China and Bhutan have held border talks since 1984. Last August, the border talks entered their 24th round. The talks reportedly have made important progress over the recent years.
Sun Hongnian, another researcher at the CASS said there have been no territorial disputes in recent history over Doklam, and India is intentionally trying to create one.
Zhang said that though China’s infrastructure construction in Doklam has been slow, with the completion of the Lhasa-Shigatse Railway, roads in Yadong county and pathways in Nathula, India is worried that China might gain a strategic edge in the region.
India is also worried that as China boosts Doklam’s infrastructure, it will be able to threaten India’s Siliguri Corridor in the case of a major conflict. Often nicknamed the “chicken’s neck” by the Indian media, the corridor is a narrow stretch of land – at one point only 27 kilometers wide – that connects India’s northeastern states to the rest of the country.
India’s influence is everywhere in Bhutan with a population of only 770,000 and an area smaller than Switzerland. Apart from the local currency, every business accepts Indian rupees at an exchange rate of 1:1. The county’s laws on tourism stipulate that foreigners can only visit as part of a government-sanctioned tour group or accompanied by a tour guide. The rule, however, doesn’t seem to apply to Indians.
Since India controls Bhutan’s foreign policy and national defense, Bhutan does not restrict the country’s activities in the country. Many luxurious hotels in Bhutan are run by Indian hotel groups, with their staff all from India.
According to media reports, around 79 percent of Bhutan’s total imports are from India and India provides a market for 90 percent of its exports. India is Bhutan’s biggest donor. India has helped Bhutan with building infrastructure as well, such as hydropower plants.
In terms of the nation’s military, an article published in The Hindu said the Indian military is responsible for protecting Bhutan “from the kind of external threat that the Chinese military poses.”
The article said that India’s Eastern Army Command and the Eastern Air Command both have integrated the protection of Bhutan into their role, and the Indian Military Training Team plays a critical role in training Bhutanese security personnel.
However, with its heavy reliance on India, Bhutan has found it hard to gain diplomatic independence. In 1949, India and Bhutan signed the treaty in which Bhutan agreed to let India “guide” its foreign policy.
Observers think that Bhutan’s subordination to India is a remnant of the British Empire, which controlled Nepal, Sikkim and Bhutan, which had all previously been vassal states of the Qing Empire (1644-1911), in order to expand its influence in Tibet. In the 1940s, after British rule in South Asia came to an end, India naturally wanted to inherit its assets.
In 2007, as political reform reshaped Bhutan, the Treaty of Friendship between Bhutan and India was revised, and the provision on foreign policy guidance was replaced. However, it still says that Bhutan’s foreign relations cannot hurt India’s national interests.
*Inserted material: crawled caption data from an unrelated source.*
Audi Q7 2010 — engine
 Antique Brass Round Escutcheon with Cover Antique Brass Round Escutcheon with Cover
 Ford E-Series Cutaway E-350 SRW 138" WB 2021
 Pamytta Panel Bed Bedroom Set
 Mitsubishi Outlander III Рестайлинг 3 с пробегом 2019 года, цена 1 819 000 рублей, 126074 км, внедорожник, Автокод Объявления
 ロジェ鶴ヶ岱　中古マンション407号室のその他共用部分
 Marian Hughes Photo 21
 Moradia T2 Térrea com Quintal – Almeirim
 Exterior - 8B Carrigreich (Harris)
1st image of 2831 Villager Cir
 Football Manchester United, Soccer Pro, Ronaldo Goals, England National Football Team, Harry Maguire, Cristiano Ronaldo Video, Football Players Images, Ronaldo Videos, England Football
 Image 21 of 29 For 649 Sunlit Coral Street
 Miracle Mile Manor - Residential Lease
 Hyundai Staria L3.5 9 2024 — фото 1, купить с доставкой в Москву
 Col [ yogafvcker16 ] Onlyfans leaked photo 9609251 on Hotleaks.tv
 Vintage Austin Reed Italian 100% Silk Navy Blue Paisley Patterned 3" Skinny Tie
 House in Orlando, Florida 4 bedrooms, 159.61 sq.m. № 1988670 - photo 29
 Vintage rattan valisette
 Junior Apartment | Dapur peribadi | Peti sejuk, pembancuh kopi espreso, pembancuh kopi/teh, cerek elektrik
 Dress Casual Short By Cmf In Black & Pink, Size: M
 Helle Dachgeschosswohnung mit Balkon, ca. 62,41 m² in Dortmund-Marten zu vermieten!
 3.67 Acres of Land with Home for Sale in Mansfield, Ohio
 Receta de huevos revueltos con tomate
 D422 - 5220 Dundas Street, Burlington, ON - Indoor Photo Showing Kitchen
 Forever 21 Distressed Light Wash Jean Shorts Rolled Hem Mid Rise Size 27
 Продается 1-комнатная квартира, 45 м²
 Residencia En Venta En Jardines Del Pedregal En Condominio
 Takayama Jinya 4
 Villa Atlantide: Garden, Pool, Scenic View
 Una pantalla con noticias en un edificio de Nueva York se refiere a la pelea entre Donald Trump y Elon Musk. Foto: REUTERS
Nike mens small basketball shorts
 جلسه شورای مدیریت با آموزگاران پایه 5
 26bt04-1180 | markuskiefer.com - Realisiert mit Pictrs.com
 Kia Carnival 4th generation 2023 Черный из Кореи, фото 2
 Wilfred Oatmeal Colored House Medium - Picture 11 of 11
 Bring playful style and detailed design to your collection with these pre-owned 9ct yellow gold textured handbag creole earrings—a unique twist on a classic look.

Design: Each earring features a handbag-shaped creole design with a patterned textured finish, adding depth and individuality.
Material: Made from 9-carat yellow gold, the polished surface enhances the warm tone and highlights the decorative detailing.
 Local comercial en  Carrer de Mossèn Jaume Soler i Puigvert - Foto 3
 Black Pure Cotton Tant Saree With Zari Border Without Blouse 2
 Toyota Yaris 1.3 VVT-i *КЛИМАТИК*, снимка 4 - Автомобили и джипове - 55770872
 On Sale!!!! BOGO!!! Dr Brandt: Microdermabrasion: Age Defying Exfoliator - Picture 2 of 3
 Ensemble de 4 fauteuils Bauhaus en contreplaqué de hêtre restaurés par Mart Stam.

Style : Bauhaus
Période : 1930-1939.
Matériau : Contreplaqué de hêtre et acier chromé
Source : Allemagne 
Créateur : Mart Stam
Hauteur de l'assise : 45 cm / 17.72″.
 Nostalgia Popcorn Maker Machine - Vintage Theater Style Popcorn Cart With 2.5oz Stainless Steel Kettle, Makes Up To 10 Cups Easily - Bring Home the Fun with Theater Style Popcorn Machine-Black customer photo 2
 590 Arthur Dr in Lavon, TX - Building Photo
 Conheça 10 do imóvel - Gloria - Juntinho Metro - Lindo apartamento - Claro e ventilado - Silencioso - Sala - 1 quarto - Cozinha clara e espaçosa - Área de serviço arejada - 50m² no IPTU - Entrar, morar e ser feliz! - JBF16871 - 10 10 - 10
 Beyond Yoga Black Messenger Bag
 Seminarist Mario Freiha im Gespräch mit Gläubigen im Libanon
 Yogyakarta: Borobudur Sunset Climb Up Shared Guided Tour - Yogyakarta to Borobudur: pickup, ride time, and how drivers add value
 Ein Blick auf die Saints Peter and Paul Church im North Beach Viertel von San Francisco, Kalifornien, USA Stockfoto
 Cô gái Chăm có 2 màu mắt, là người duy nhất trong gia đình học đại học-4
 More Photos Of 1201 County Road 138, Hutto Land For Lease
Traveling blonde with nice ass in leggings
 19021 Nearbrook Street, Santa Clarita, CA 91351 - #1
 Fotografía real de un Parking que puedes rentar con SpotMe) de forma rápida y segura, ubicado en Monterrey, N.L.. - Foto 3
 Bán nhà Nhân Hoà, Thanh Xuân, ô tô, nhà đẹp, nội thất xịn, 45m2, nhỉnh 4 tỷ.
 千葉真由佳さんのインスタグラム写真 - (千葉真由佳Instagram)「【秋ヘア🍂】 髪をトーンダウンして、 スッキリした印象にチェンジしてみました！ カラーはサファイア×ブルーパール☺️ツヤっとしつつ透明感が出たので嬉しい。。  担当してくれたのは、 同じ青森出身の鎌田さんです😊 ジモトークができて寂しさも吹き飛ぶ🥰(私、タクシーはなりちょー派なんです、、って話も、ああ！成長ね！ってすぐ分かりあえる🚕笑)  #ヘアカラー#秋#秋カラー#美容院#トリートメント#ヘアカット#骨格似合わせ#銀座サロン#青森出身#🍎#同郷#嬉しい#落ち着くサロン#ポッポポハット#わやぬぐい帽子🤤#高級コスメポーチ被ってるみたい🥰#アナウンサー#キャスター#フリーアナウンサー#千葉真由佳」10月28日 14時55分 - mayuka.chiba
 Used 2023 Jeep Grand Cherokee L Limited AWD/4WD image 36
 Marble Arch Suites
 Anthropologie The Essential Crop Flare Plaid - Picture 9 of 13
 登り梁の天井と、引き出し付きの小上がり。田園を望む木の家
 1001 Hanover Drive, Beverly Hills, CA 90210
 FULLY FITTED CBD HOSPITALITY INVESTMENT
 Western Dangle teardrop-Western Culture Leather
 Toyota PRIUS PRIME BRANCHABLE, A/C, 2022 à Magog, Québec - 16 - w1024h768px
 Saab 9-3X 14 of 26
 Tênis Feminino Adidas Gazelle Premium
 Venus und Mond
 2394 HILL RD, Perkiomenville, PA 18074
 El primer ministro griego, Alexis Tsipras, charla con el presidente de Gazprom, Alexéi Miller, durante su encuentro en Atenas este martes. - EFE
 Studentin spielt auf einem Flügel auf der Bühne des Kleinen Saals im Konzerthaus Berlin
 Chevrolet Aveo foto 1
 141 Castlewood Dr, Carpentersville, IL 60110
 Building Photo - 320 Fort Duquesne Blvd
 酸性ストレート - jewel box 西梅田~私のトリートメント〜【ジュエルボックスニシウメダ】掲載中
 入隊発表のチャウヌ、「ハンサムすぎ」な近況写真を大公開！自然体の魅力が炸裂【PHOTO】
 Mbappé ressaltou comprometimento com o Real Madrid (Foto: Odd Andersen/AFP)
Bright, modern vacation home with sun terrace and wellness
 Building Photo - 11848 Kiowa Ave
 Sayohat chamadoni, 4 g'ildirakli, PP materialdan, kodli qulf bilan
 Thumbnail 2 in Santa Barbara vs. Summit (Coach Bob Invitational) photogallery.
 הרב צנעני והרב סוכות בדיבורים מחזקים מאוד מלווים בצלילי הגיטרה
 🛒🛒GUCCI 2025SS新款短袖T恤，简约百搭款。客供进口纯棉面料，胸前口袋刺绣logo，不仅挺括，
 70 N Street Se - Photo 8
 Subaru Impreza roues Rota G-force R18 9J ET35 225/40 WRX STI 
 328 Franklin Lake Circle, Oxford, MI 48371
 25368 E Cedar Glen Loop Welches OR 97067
Bhutan has not yet established diplomatic relations with any of the five permanent members of the United Nations Security Council.
Located at the heart of the Himalayas and sandwiched between two most populated countries in the world, Bhutan has a huge strategic significance. The Diplomat has referred to it as the Indian army’s front line.
Bhutanese government officials are anxious about India-Bhutan relations, worrying that the fate that befell Sikkim, which was annexed by India in 1975, could also befall Bhutan. As the country entered the 21st country, Bhutan’s king gave up much of his political power and launched parliamentary elections, hoping that democracy would give the government more authority.
Many analysts believe that India played a crucial role in Bhutan’s 2013 elections, using its economic clout to sway election results and change people’s view of the ruling party, according to the Diplomat.
It is widely suspected that during the election the Indian government used this leverage by cutting subsidized gasoline and kerosene to the country in response to what it saw as then Bhutan’s Prime Minister Jigme Thinley’s warming of relations with China, resulting in his government’s eventual defeat at the polls.
Seeking to repair relations, India’s new Prime Minister Narendra Modi chose Bhutan as his first visit abroad, and came bearing gifts in the form of a 50 percent increase in aid and loans from the previous year.
Although the country has tried to enhance its sovereignty, as New Delhi still has a grip on its economy and military, Bhutan’s path to total independence is bound to be a bumpy one, the pro-Beijing Global Times said.